# Pagila Database AI Assistant
This project is a Streamlit-based chatbot that allows users to query a PostgreSQL database (Pagila schema) using natural language. It leverages Google's Gemini API for SQL generation and the Model Context Protocol (MCP) for secure database execution.
## Features
* **Natural Language to SQL**: Converts English questions into valid SQL queries.
* **Agentic Workflow**: The AI autonomously explores the database schema (listing tables, checking columns) before writing queries.
* **Vector Caching (RAG)**: Uses ChromaDB to cache successful SQL queries locally. If a similar question is asked again, the cached SQL is executed immediately, saving API costs and time.
* **Model Context Protocol (MCP)**: Uses a dedicated local server (`mcp_pagila_server.py`) to handle database operations, separating the UI from the backend logic.
* **Cost Tracking**: Monitors token usage and estimates costs for both the current session and global history.

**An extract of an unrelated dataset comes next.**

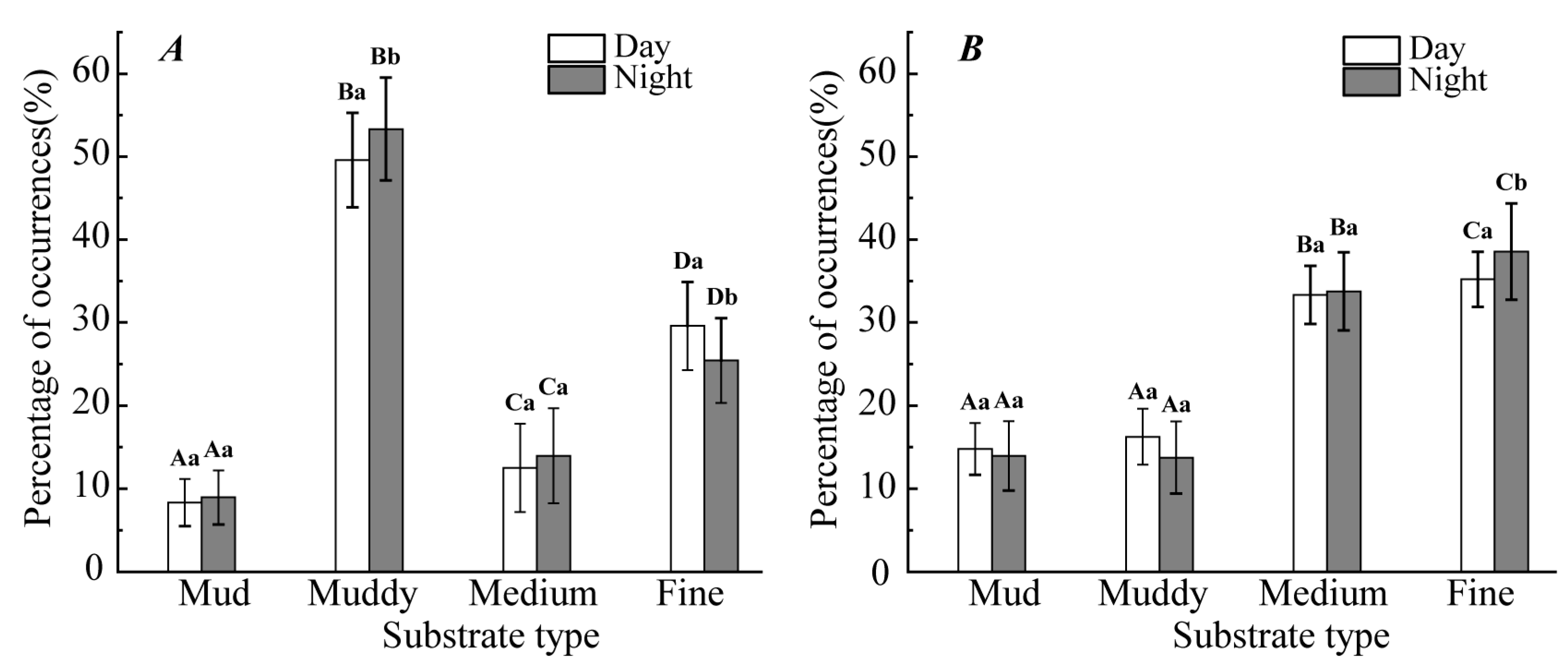 Diversity 17 00831 g004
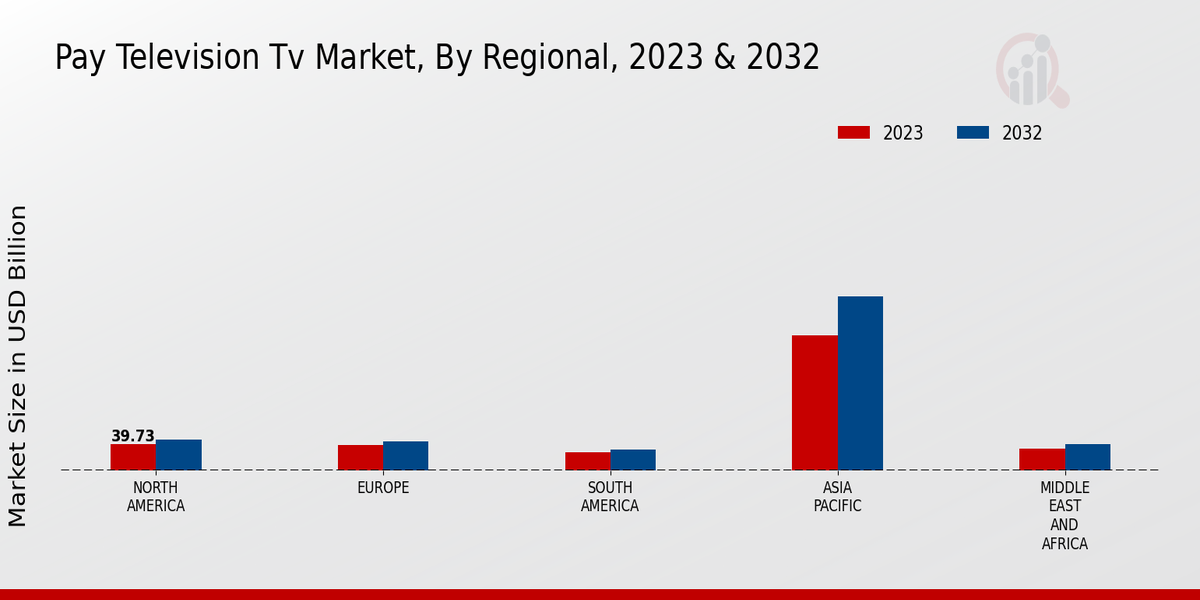 Pay Television TV Market, By Regional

* **Schema Visualization**: Displays the database schema diagram and metadata within the UI.
## Architecture
1. **Frontend**: Streamlit (`app.py`) handles user input, chat history, and visualization.
2. **AI Brain**: Google Gemini (via `google-generativeai`) acts as the reasoning engine.
3. **Backend**: An MCP Server (`mcp_pagila_server.py`) runs as a subprocess, exposing tools like `list_tables`, `get_table_schema`, and `execute_sql`.
4. **Database**: PostgreSQL hosting the Pagila sample database.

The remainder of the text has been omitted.